Through these schemes, British Gas invested £1.1bn in over 20 million energy efficiency measures to improve homes and reduce energy bills. After the deadline, British Gas delivered more measures than required, benefiting vulnerable customers with an additional £110m savings on energy bills.
As the largest energy supplier in the UK, British Gas delivers more energy efficiency improvements to Britain's homes than any other company. In the last 5 years it has insulated more than 2.5 million homes.
The £11.1 million will be donated to charity, to help vulnerable people with energy costs and energy efficiency improvements.
Claire Miles, Managing Director of British Gas New Energy, said,
“We’re hugely committed to the success of our energy efficiency programmes and are sorry that we missed the December 2012 deadline. However, we’re pleased that in the end we managed to help more vulnerable people under this scheme than was required. The donation we’re making will further help those struggling to keep their homes warm.
“We take our responsibilities to our customers very seriously and do all we can to help them keep their bills as low as possible. Providing free insulation is a big part of that, as well as giving our customers ways to manage and understand their energy use through smart meters and other new technologies.”
British Gas delivered the total targeted carbon savings required under the CERT scheme in February 2013 – seven weeks after the 31 December 2012 deadline.

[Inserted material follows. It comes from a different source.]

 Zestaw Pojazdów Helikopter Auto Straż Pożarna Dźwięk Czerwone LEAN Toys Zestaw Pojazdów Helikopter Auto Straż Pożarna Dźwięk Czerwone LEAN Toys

Under the CESP scheme, British Gas focused on homes in 318 low-income communities with benefits such as solid wall insulation. Among other factors, poor weather conditions contributed to British Gas’s failure to meet the statutory deadline. Solid wall insulation cannot be installed in temperatures below 5 degrees so work was delayed due to prolonged cold temperatures while long periods of wet and windy weather meant work could not be carried out safely. British Gas completed the work by August 2013.
British Gas is committed to energy efficiency and is on schedule to meet its Energy Company Obligation targets ahead of the deadline. British Gas expects to help 1.2 million homes under the ECO programme. The 144,000 measures we installed in 2013 will cut heating costs by more than £950m for vulnerable customers.
Notes to editors
British Gas and Ofgem are currently considering how best to ensure the money benefits vulnerable consumers. One option is via theBritish Gas Energy Trust (BGET). This would be subject to formal agreement with BGET’s Board of Trustees.
The Trust provides grants and assistance to clear energy debts, for energy efficiency measures and to repair or replace essential household items such as energy efficient boilers, fridges and washing machines.
Although the Trust is fully funded by British Gas, people don’t need to be British Gas customers to be eligible for support.
British Gas invested £18m in 2013 in the British Gas Energy Trust, providing 11,771 grants and funding 15 Energy Debt Advice Centres, with services delivered alongside key partners like Citizens Advice and Shelter.
The £11.1m payment will be focused on vulnerable customers, providing help with energy costs and energy efficiency improvements.